Studio at Rush Creek Offers Many Adult Art Classes

The Studio at Rush Creek helps turns glass into beauty.
Dan and Ryan Hardman enjoy working with glass at The Studio at Rush Creek.

The Studio at Rush Creek hosts art classes for adults that create both classy and glassy results. You can make glass-fused jewelry, plates, home decor and many other items thanks to glass kilns in the studio that allow for fusing glass designs together to create wearable or functional glass art. 

Stained glass classes are also offered every month. The Studio carries all the tools and a collection of glass sheets to enable the creation of sun catchers or a glass panel for a window or garden. 

If you’re more adventurous, torchwork (also called lampwork) class can teach you to use flame to shape rods or pieces of glass into objects such as beads or figures.

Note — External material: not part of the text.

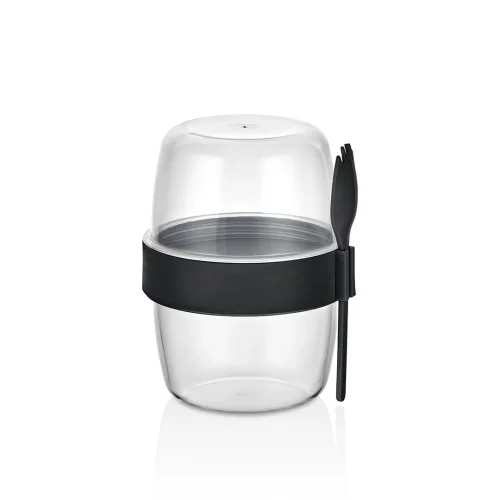 QLUX L-00978 BOMONTİ YOĞURT KABI ( 2 BÖLMELİ = 300+300 ML)*24=K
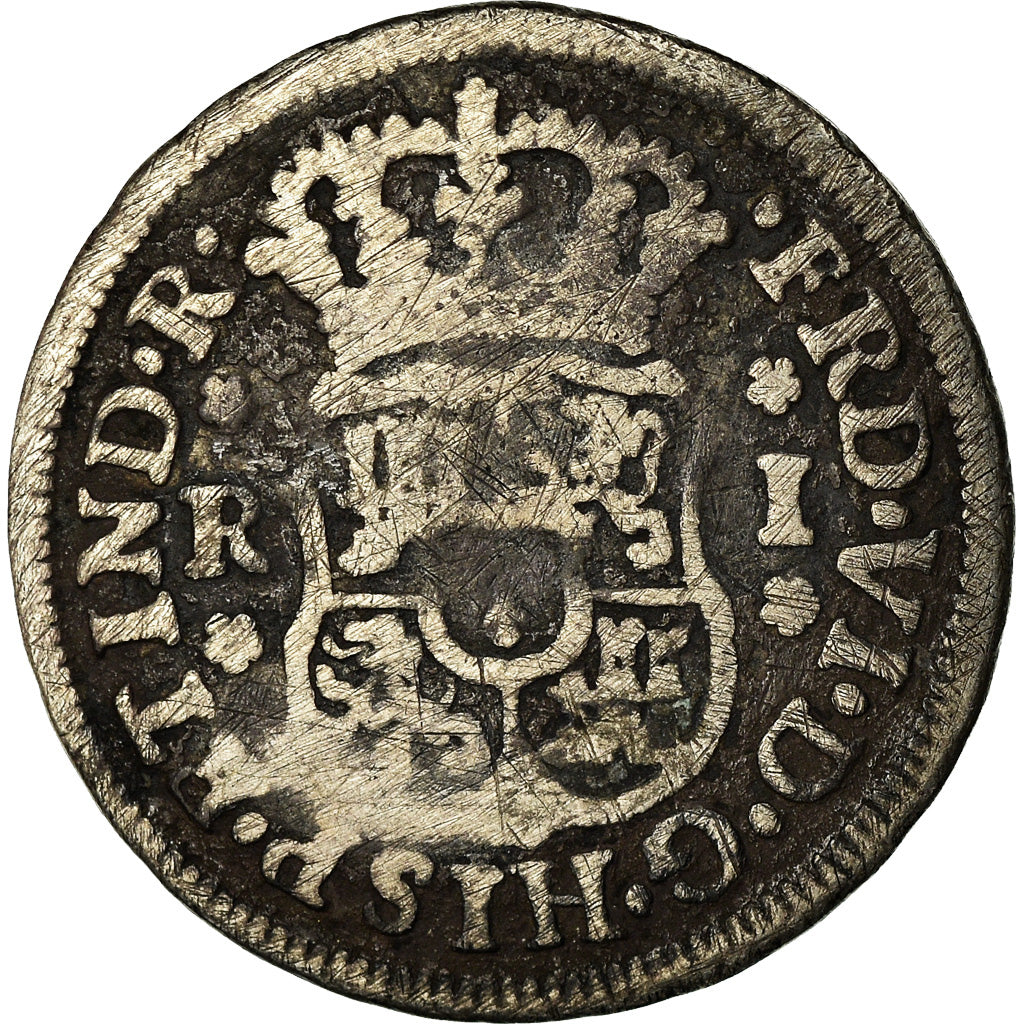 Coin, Mexico, Ferdinand VI, Real, 1749, Mexico City, F(12-15), Silver, KM:76.1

Frequent student Michelle Bertch loves the atmosphere at the studio. “I wouldn’t consider myself a creative or ‘artsy’ person in the least,” she says, “and from the first class that nervous feeling melted away.” 

The second most popular classes after glass are metalworking classes, which create sterling silver or fine silver jewelry. Classes range from bezel setting stones in rings, to stamping words on jewelry, to working with art clay silver. 

Each month, the Studio also offers a class in oil painting and one in watercolors, a knitting, felting or sewing class, and occasionally an acrylic or pastel class as well.

While these classes are part of the regular repertoire, the Studio offers other types of rotating projects like: hot wax painting, copper enameling, concrete sculpture, metal ribbon art, Ukrainian egg painting, wire knitting, bead crochet, chainmaille, silver and copper etching, soapmaking, drawing, mosaic, polymer clay, beading and wire wrapping, book arts and more.

Most classes cost $12 per hour (plus materials) and happen in a single session. Students can sign up online  at studio-rush.com or by calling 763.315.3001. Available classes are listed the month before they begin, so check the site often.

“In a short amount of time,” Bertch says, “you can learn to make some really cool stuff.”